Regression To The Mean [Draft][Request for Feedback]

post by faul_sname · 2012-06-22T17:55:51.917Z · LW · GW · Legacy · 14 comments

"Rewarding good performance leads to faster improvement than punishing bad performance"

"In general, unusually bad performance improves after punishment, but good performance tends not to improve and sometimes even gets worse after praise is administered."

 

These statements seem contradictory, yet both describe real effects. The apparent contradiction is caused by a phenomenon known as "regression to the mean," which states that the measurement after an exceptional measurement will be closer to average. The improvement after a reprimand is caused not by any effect that reprimand had, nor was the worsening after praise due to the praise. Both observations were due to regression to the mean.

 

Regression to the mean is caused by two things.

1. Exceptionally good performance is far above average, and exceptionally bad performance is far below average.

2. Most performance is about average.

 

Let's put this in concrete terms. Let's say we are trying to teach our friend Bob to play darts. He's not very good yet, and while he almost always hits the board, he can't really get a higher level of accuracy than that.

 

On his 12th throw, Bob misses the dartboard entirely. This is extraordinarily bad, even for him. On his next throw, he gets an 8, which is fairly typical, and much better. 

 

On his 57th throw, your friend manages to get a bullseye. You slap him on the back, congratulating him on his improvement. It seems your friend really is getting the hang of this after all. Proud of his accomplishment, Bob lines up his next attempt. He cocks his arm, throws, and...

Gets a 12. 

 

This is regression to the mean.

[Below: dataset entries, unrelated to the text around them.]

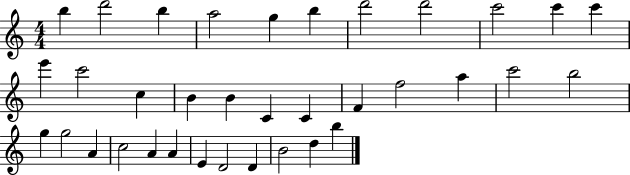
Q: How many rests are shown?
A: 0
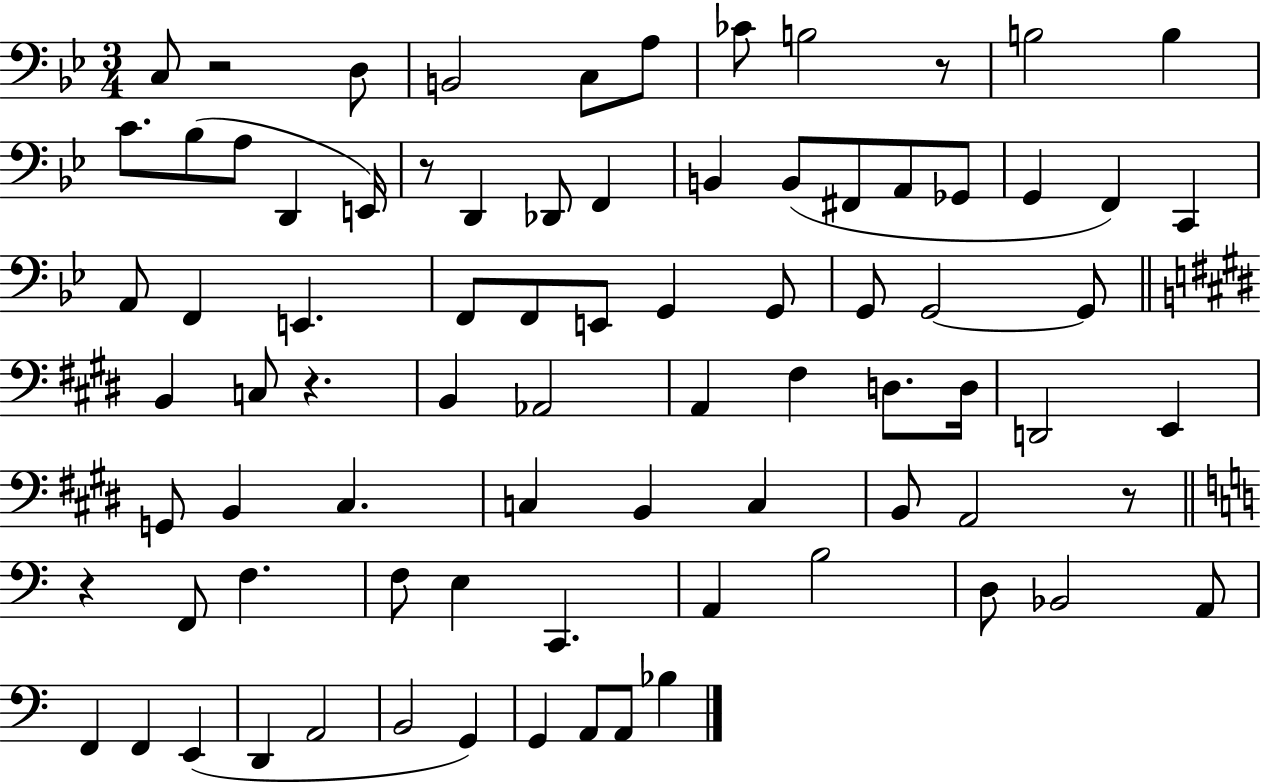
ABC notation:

X:1
T:Untitled
M:3/4
L:1/4
K:Bb
C,/2 z2 D,/2 B,,2 C,/2 A,/2 _C/2 B,2 z/2 B,2 B, C/2 _B,/2 A,/2 D,, E,,/4 z/2 D,, _D,,/2 F,, B,, B,,/2 ^F,,/2 A,,/2 _G,,/2 G,, F,, C,, A,,/2 F,, E,, F,,/2 F,,/2 E,,/2 G,, G,,/2 G,,/2 G,,2 G,,/2 B,, C,/2 z B,, _A,,2 A,, ^F, D,/2 D,/4 D,,2 E,, G,,/2 B,, ^C, C, B,, C, B,,/2 A,,2 z/2 z F,,/2 F, F,/2 E, C,, A,, B,2 D,/2 _B,,2 A,,/2 F,, F,, E,, D,, A,,2 B,,2 G,, G,, A,,/2 A,,/2 _B,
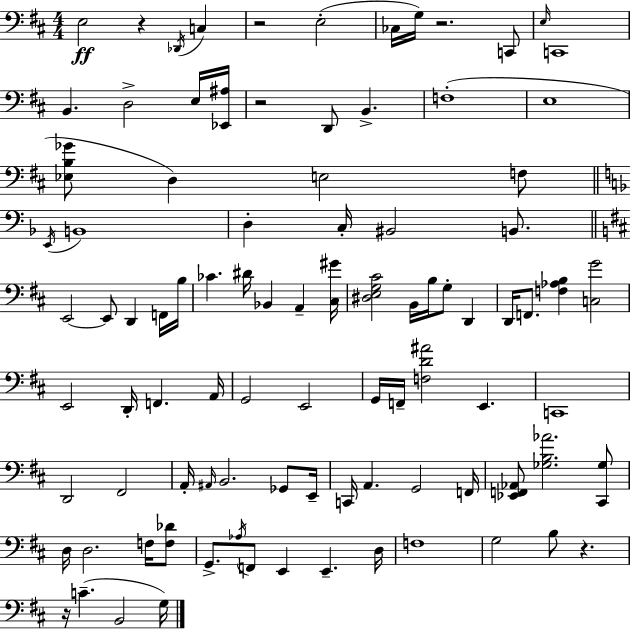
E3/h R/q Db2/s C3/q R/h E3/h CES3/s G3/s R/h. C2/e E3/s C2/w B2/q. D3/h E3/s [Eb2,A#3]/s R/h D2/e B2/q. F3/w E3/w [Eb3,B3,Gb4]/e D3/q E3/h F3/e E2/s B2/w D3/q C3/s BIS2/h B2/e. E2/h E2/e D2/q F2/s B3/s CES4/q. D#4/s Bb2/q A2/q [C#3,G#4]/s [D#3,E3,G3,C#4]/h B2/s B3/s G3/e D2/q D2/s F2/e. [F3,Ab3,B3]/q [C3,G4]/h E2/h D2/s F2/q. A2/s G2/h E2/h G2/s F2/s [F3,D4,A#4]/h E2/q. C2/w D2/h F#2/h A2/s A#2/s B2/h. Gb2/e E2/s C2/s A2/q. G2/h F2/s [Eb2,F2,Ab2]/e [Gb3,B3,Ab4]/h. [C#2,Gb3]/e D3/s D3/h. F3/s [F3,Db4]/e G2/e. Ab3/s F2/e E2/q E2/q. D3/s F3/w G3/h B3/e R/q. R/s C4/q. B2/h G3/s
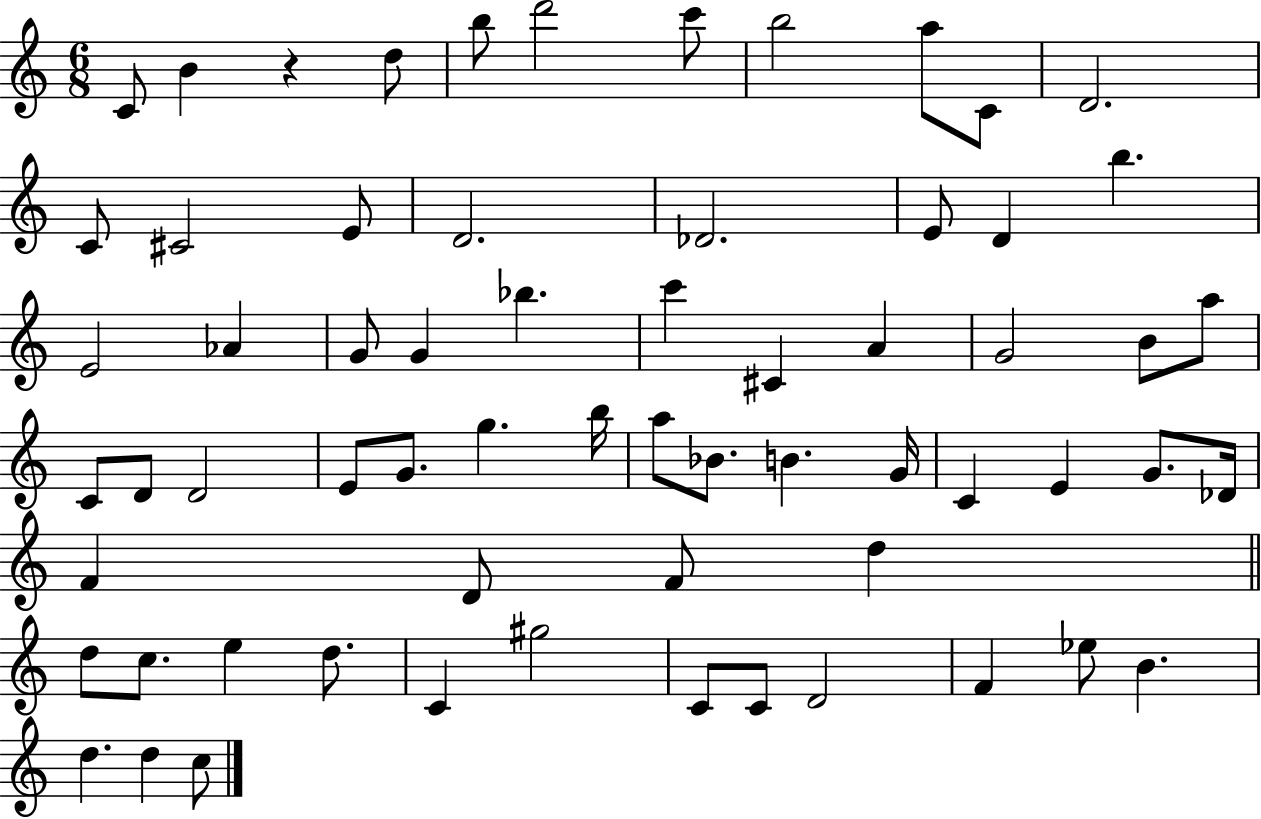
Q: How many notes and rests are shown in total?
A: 64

Since there is a large random factor in darts, especially for unskilled players, a good throw will probably not be followed up with another good throw (since good throws are rare, and one shot is independent of another). This effect shows up whenever there is a large random component in performance.

 

It's important to be aware of when an exceptional observation was likely due to random variation in measurement, not an exceptional characteristic of the thing being measured. For example, stock performance is mostly random. If one of your stocks does extremely well this year, you should expect it to perform much closer to average next year. If your kid scores 160 on his/her first IQ test, you should expect lower performance on later tests. If it took you 3 hours to get to work yesterday because of traffic instead of the usual 1, you shouldn't worry too much about it taking 3 hours again today.

 

 


 

This is a very rough draft of a post on regression to the mean. I wrote it because the sequences didn't cover this particular bias blind spot, and it's an important one. I appreciate any feedback, both in terms of providing examples and making it easy to understand and in terms of cleaning up any errors or awkward phrasings.

14 comments

Comments sorted by top scores.

comment by OrphanWilde · 2012-06-22T18:54:38.557Z · LW(p) · GW(p)

I would suggest leading with a scenario in which this bias is relevant.

I/e, "Bob hates his boss; Bob's boss is always criticizing employees, and never says anything positive about their performance. Bob's boss believes the evidence supports this policy, because every time bad performance has been criticized, performance has improved - and every time praise has been offered for good performance, performance has shown no improvement, or sometimes even gotten worse."

(I recommend you write something better than this, though. This particular example reads like something horrible out of an HR handbook written by an eldritch god who trying to pass as human. Extra eldritch god points for a continuing narrative in which Bob's boss manages to do everything precisely wrong.)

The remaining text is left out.